The market needs between 3 million and 4 million barrels a day of spare oil production capacity, compared with the 2 million barrels a day currently available, Bodman said. OPEC says the world’s spare capacity is about 3 million barrels a day, with two- thirds of that in Saudi Arabia.

Safaniyah, by far the largest offshore oilfield in the world, was found in 1951 by Texaco (which in 1937 was the first to join SoCal – now Chevron – in Saudi Arabia as a 50% partner in Aramco. But now Taxaco is part of Chevron).

Safaniyah has over 15 bn barrels of proven oil reserves recoverable at relatively low cost. The oil is heavy, 27[degrees] API with 2.93-2.96% sulphur, and much of Safaniyah’s 1.5m b/d capacity has been mothballed. Like most other offshore fields in the north-east, the oil is reservoired in Cretaceous sandstones and carbonates mainly at a depth of 5,100 ft.

Berri, found in 1964 by Mobil, is an onshore and offshore giant. It has over 10 bn barrels of 32-34-39 deg. API oil recoverable at relatively low cost. The field produces from several formations of Upper and Mid-Jurassic age, lying mostly at a depth of 8,300 feet. Its capacity has been raised from less than 700,000 b/d in 1990 to 1.15m b/d.

Berri crude oils are blended with lighter grades mostly produced from Abqaiq and the field’s system can take crude oils from Qatif. The export blend is Arabian Extra Light, 38 deg. API with about 1% sulphur.
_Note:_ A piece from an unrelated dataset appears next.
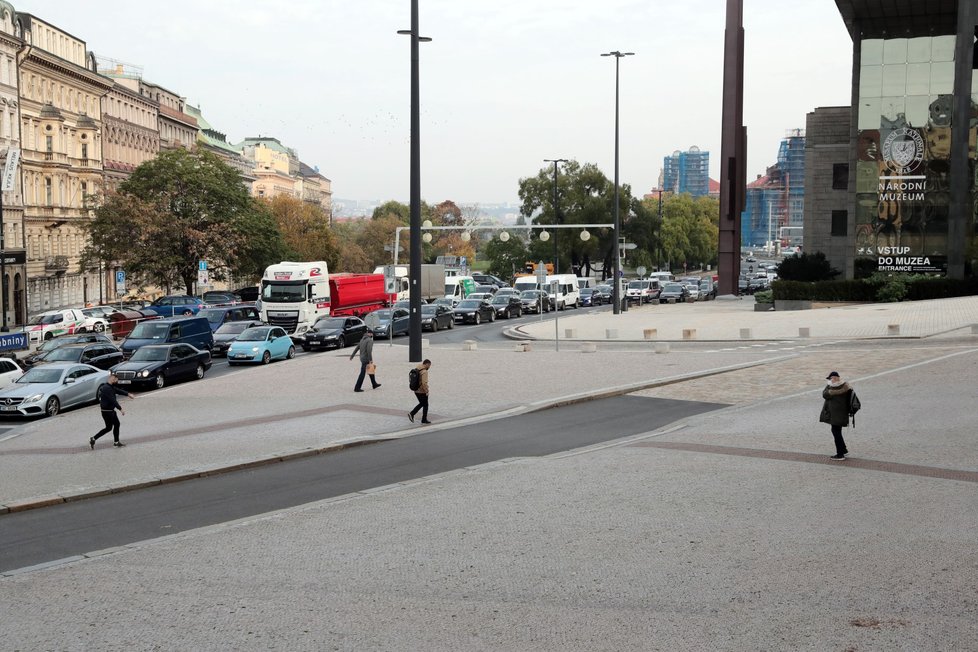 Praha se po zavedení přísnějších opatření znovu vyprázdnila, 22. října 2020.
From the EIA country report: Shaybah contains an estimated 14.3 billion barrels of premium grade 41.6o API sweet (nearly sulfur-free) Arab Extra Light crude oil, with production as of November 2006, at around 550,000 bbl/d from 141 wells. It is the largest oil field in the world that has been developed in the past two decades. According to Oil Minister Naimi (October 1999), the development of Shaybah showed that “the cost of adding…capacity – that is, all the infrastructure, producing and transportation facilities – necessary to produce one additional barrel of oil per day in Saudi Arabia is, at most, $5,000 compared to between $10,000 and $20,000 in most areas of the world.”
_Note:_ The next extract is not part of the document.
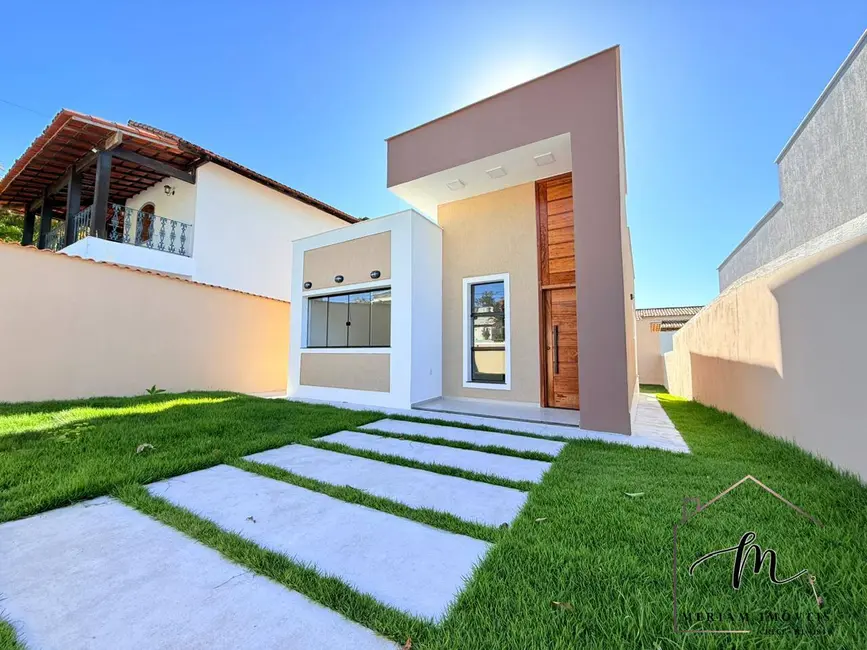 Foto 1 de Casa com 3 quartos à venda, 300m2 em Araruama - RJ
-The Shaybah complex includes three gas/oil separation plants (GOSPs) and a 395-mile pipeline to connect the field to Abqaiq, Saudi Arabia’s closest gathering center, for blending with Arab Light crude (Berri and Abqaiq streams). In addition to oil, Shaybah has a large natural gas “cap” (associated gas), with estimated reserves of 25 trillion cubic feet (Tcf). Gas production of 880 million cubic feet per day (MMcf/d) is re-injected. It is reported that possible gas recovery project could be implemented within 5 or 6 years, potentially for use in petrochemical production.
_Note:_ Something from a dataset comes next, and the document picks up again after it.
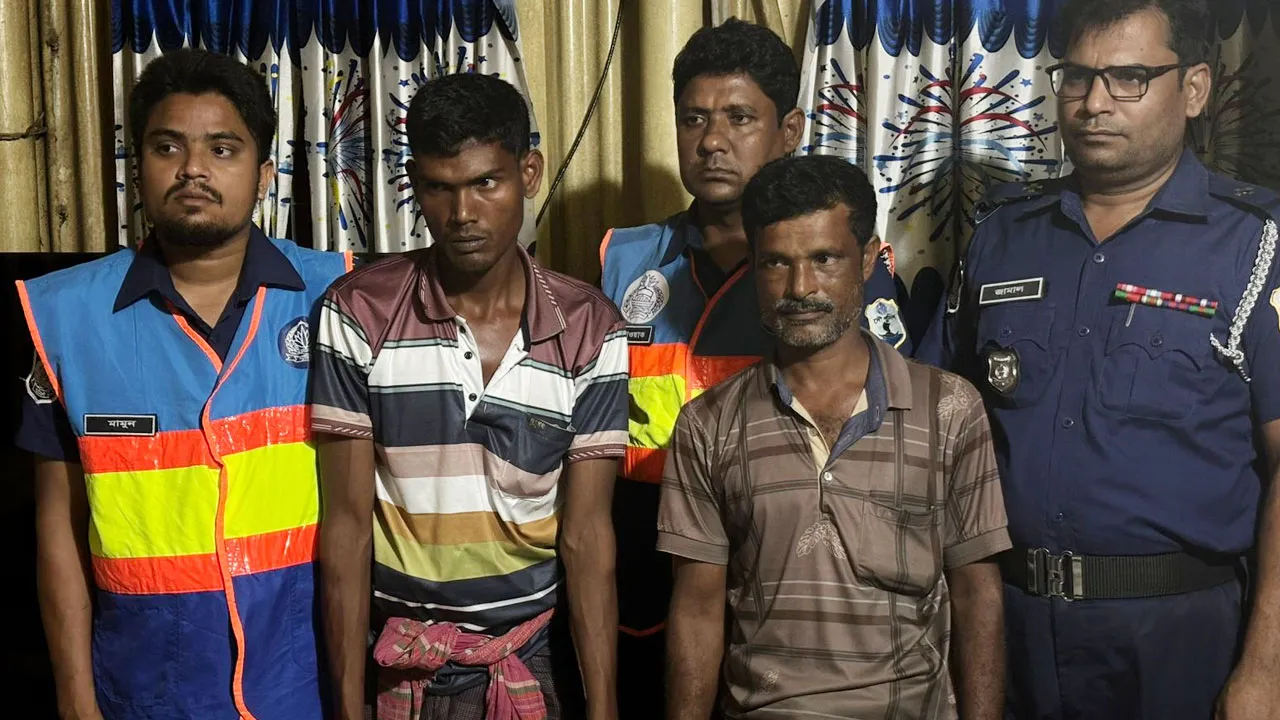 ফেরিতে ইলিশ বিক্রির কারণে দণ্ডিত দুই ব্যক্তি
-The Khurais fields (including Abu Jifan and Mazalij) west of Ghawar, will increase Saudi production capacity (of Arab Light) by 1.2 million bbl/d at a cost of $3 billion. Once online, Saudi Arabia will be the only oil producer to have two “super giant” fields, that which produce more than 1 million bbl/d of crude oil. This is to involve installation of four GOSPs, with a capacity of 200,000 bbl/d each, at Khurais, which first came online in the 1963, but was mothballed by Aramco some three-decades later. Aramco plans to drill at least 300 exploration wells with 23 rigs.


Click on the picture for a larger version.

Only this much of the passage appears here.